### To do
As the answer, set down the lines below from the one containing "1.30ct Ruby Flower" through the one containing "MS license plate AGS122", exactly and inclusively, and no others.

### Task data

--- --- ---

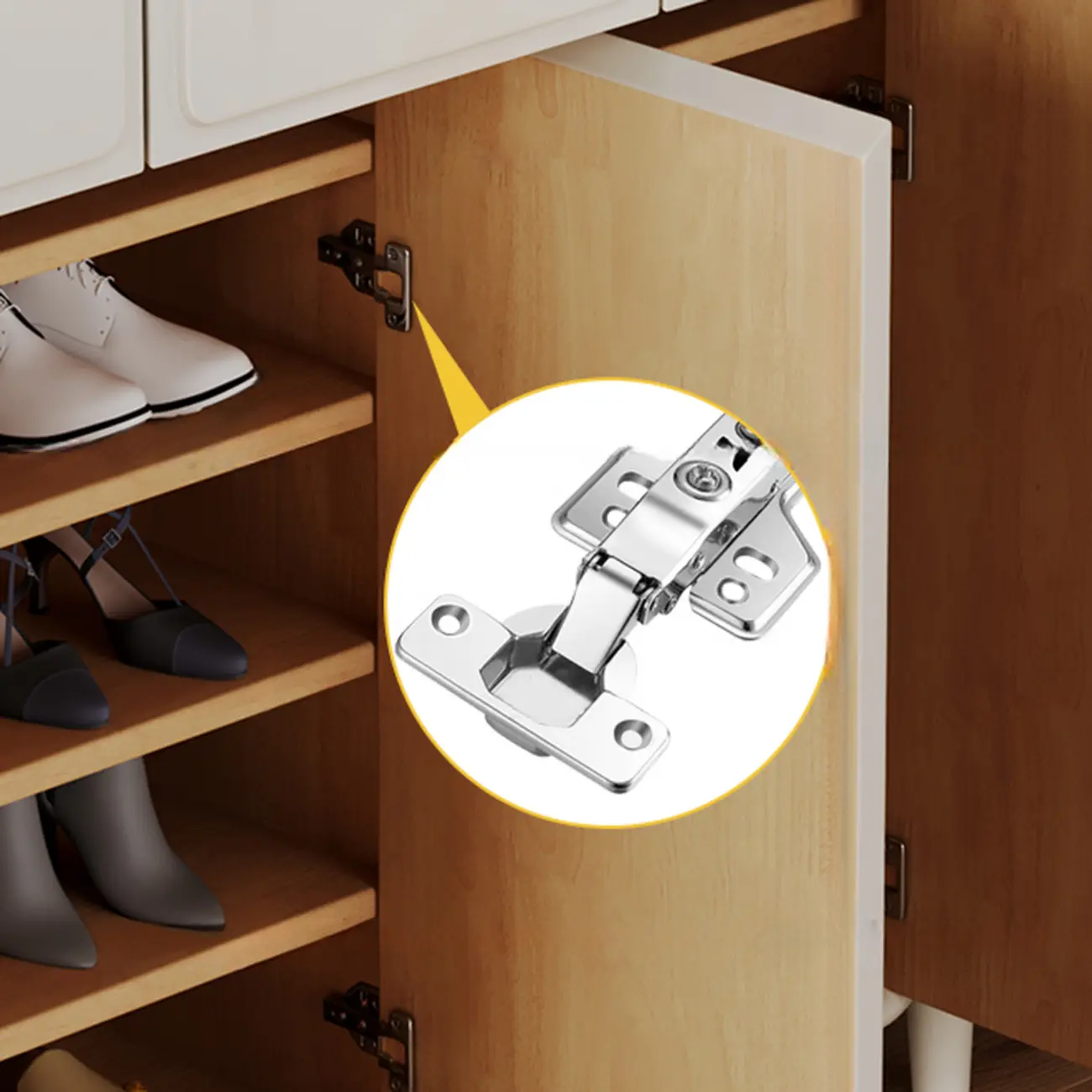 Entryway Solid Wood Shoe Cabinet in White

--- --- ---

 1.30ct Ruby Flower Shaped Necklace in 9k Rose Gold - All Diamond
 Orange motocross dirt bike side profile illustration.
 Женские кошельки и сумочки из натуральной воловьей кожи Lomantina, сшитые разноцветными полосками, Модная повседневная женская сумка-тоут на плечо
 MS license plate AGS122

--- --- ---

### Reply
 1.30ct Ruby Flower Shaped Necklace in 9k Rose Gold - All Diamond
 Orange motocross dirt bike side profile illustration.
 Женские кошельки и сумочки из натуральной воловьей кожи Lomantina, сшитые разноцветными полосками, Модная повседневная женская сумка-тоут на плечо
 MS license plate AGS122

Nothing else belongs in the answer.